◆ Exercise directions: Copy out the entries word for word, leaving images aside.

--- Records ---

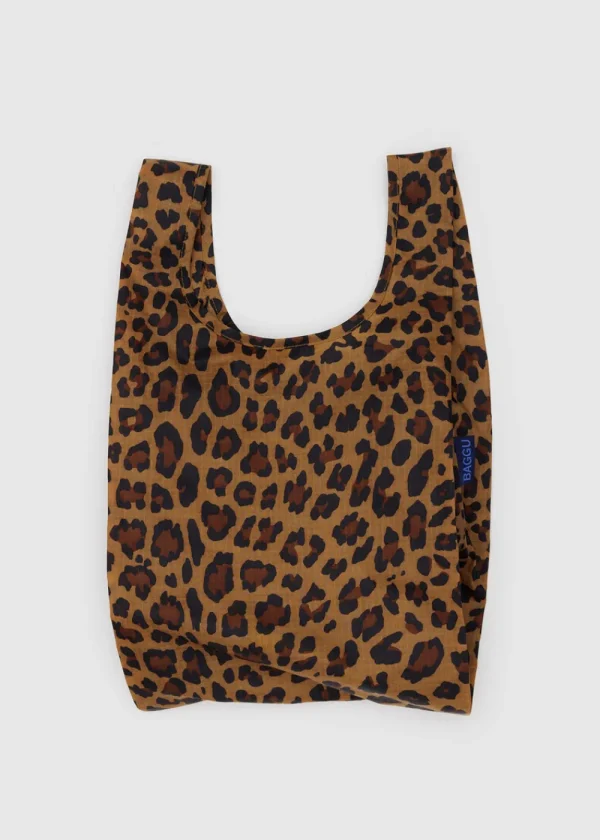 BAGGU Baby - Leopard | Bags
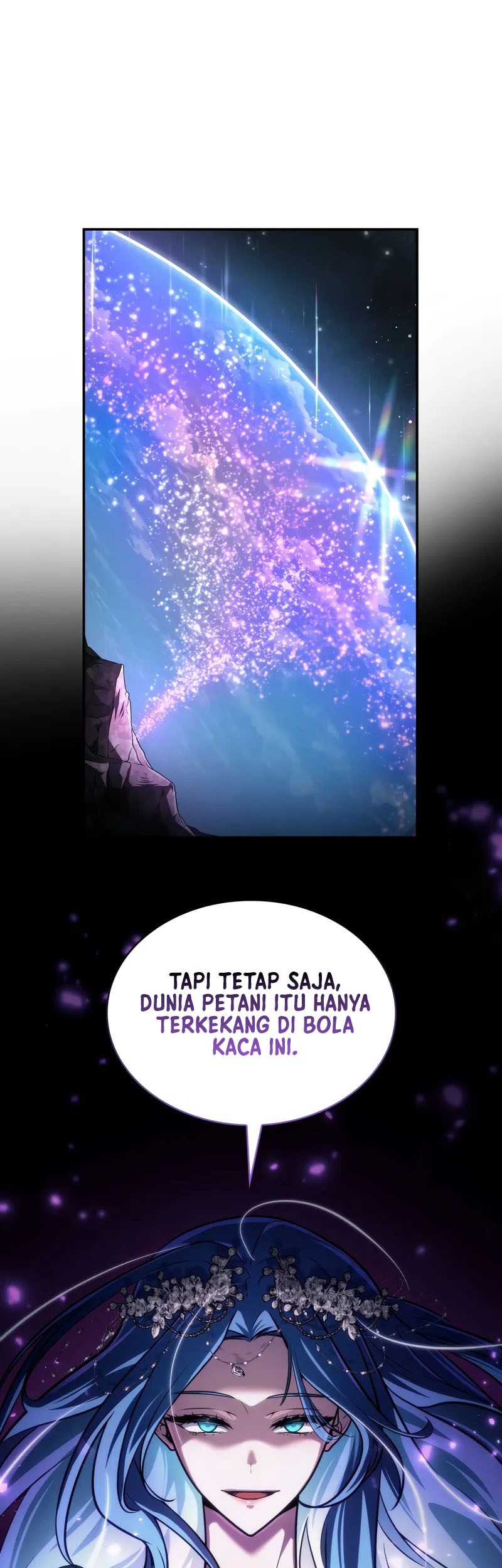 Manga page 55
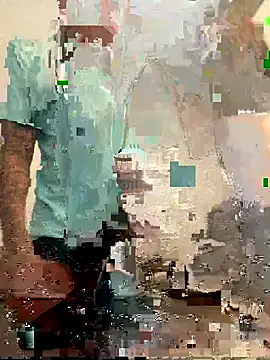 pnwzo online show from November 23, 9:25 pm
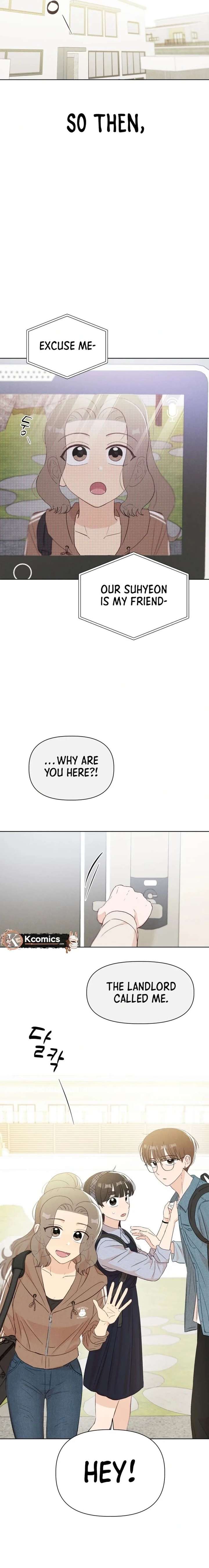 ch 16 20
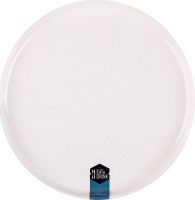 Тарілка Eat&Drink 20.2см 985258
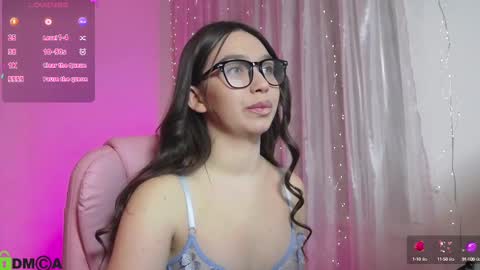 arianahot777 online show from 22, 2, 2025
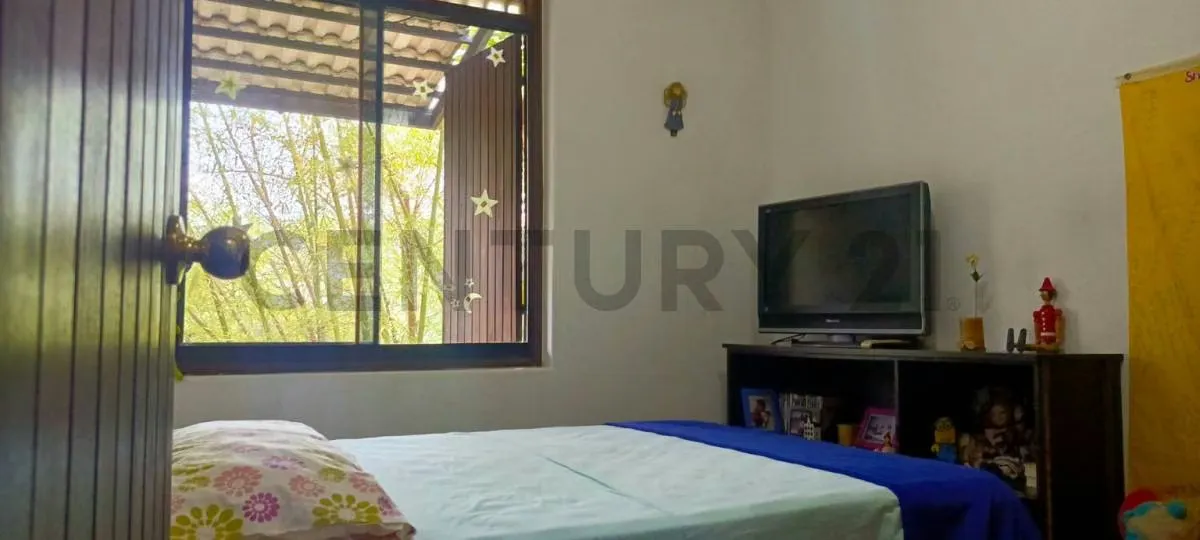 Casa en venta en el Hatillo-Caicaguana - 22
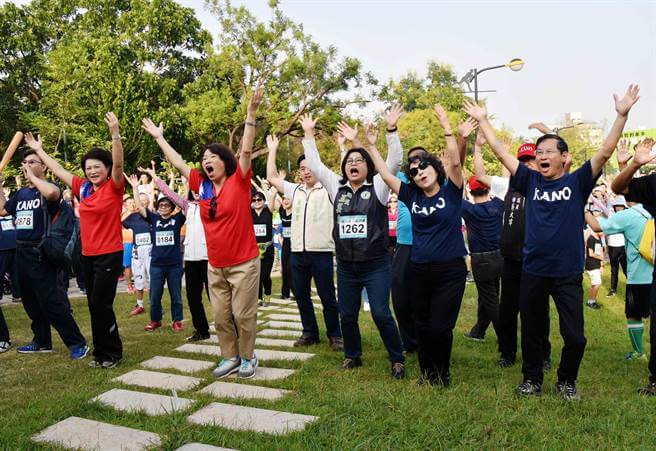 維昕牙醫診所的最新消息圖片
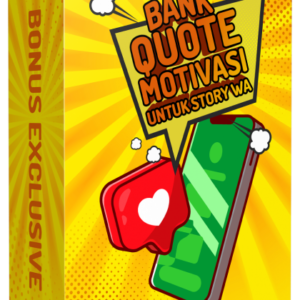 Wheat From Organic Farms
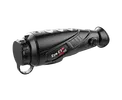 2 E3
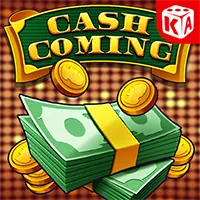 Chính sách cá cược có trách nhiệm Winclub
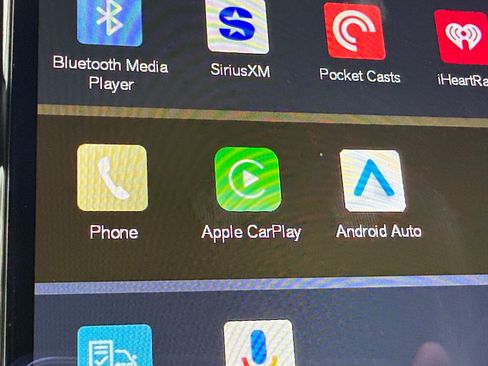 Used 2022 Volvo XC60 T8 Polestar w/ Protection Package Premier image 22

---

◆ Completed exercise:
 BAGGU Baby - Leopard | Bags
 Manga page 55
 pnwzo online show from November 23, 9:25 pm
 ch 16 20
 Тарілка Eat&Drink 20.2см 985258
 arianahot777 online show from 22, 2, 2025
 Casa en venta en el Hatillo-Caicaguana - 22
 維昕牙醫診所的最新消息圖片
 Wheat From Organic Farms
 2 E3
 Chính sách cá cược có trách nhiệm Winclub
 Used 2022 Volvo XC60 T8 Polestar w/ Protection Package Premier image 22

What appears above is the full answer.